# TASK DIRECTIONS
From the line with "de la musique" through the last line of the records below, both ends included, transcribe only those lines, exactly, and omit the pictures.

=====

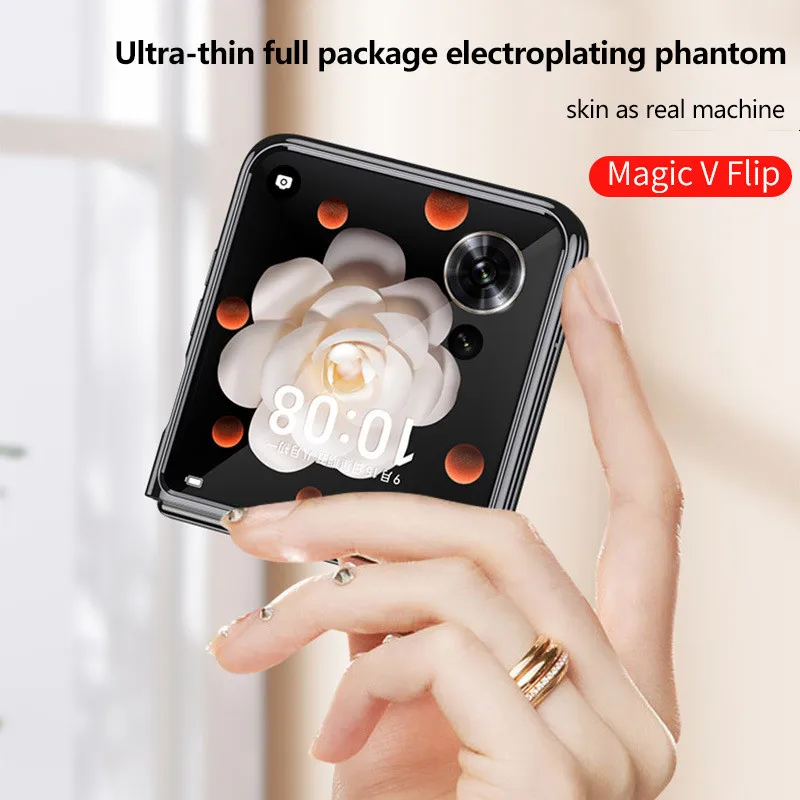 Magnetic Folding Electroplating Phantom Clear Phone Case For Honor Magic V Flip Full Protective Cover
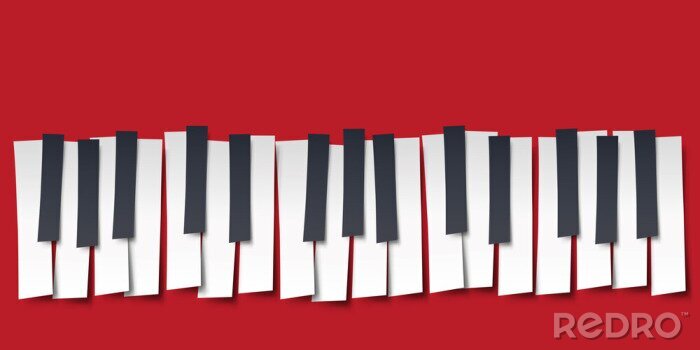 Sticker  piano - musique - clavier - symbole - graphique - affiche - clavier de piano - fête de la musique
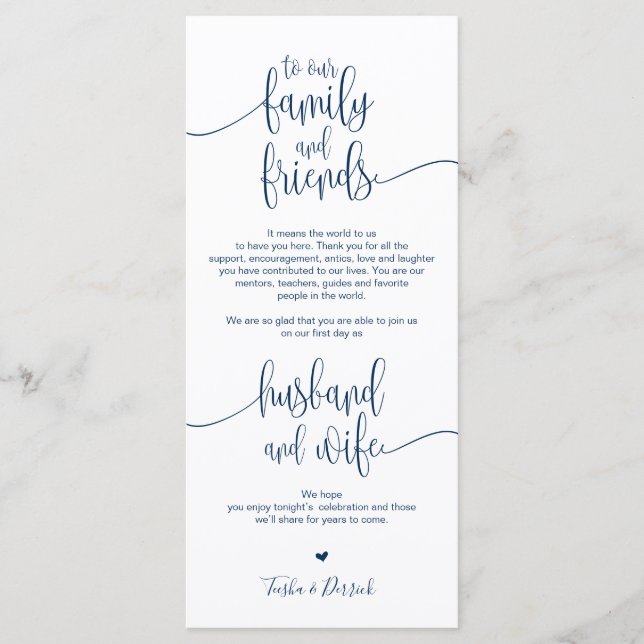 Platzierung Dankeschön Karte für das Hochzeitsesse (Vorderseite)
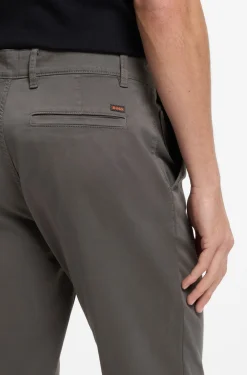 Tapered-fit trousers in stretch-cotton satin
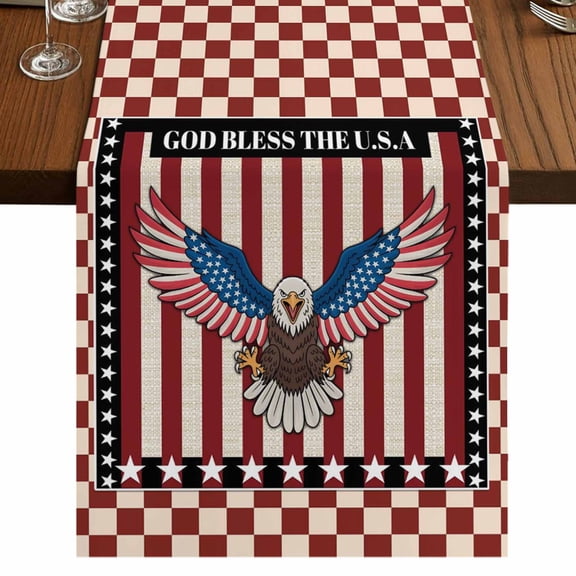 Independence Day Burlap Cotton Table Runner 13x48 Inches Long, Eagle U.S Flag Red Blue Stripes Retro Farmhouse Table Runners, Outdoor Dining Tablecloths Decor for Baby Shower/Party/Wedding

=====

# RESPONSE AREA
 Sticker  piano - musique - clavier - symbole - graphique - affiche - clavier de piano - fête de la musique
 Platzierung Dankeschön Karte für das Hochzeitsesse (Vorderseite)
 Tapered-fit trousers in stretch-cotton satin
 Independence Day Burlap Cotton Table Runner 13x48 Inches Long, Eagle U.S Flag Red Blue Stripes Retro Farmhouse Table Runners, Outdoor Dining Tablecloths Decor for Baby Shower/Party/Wedding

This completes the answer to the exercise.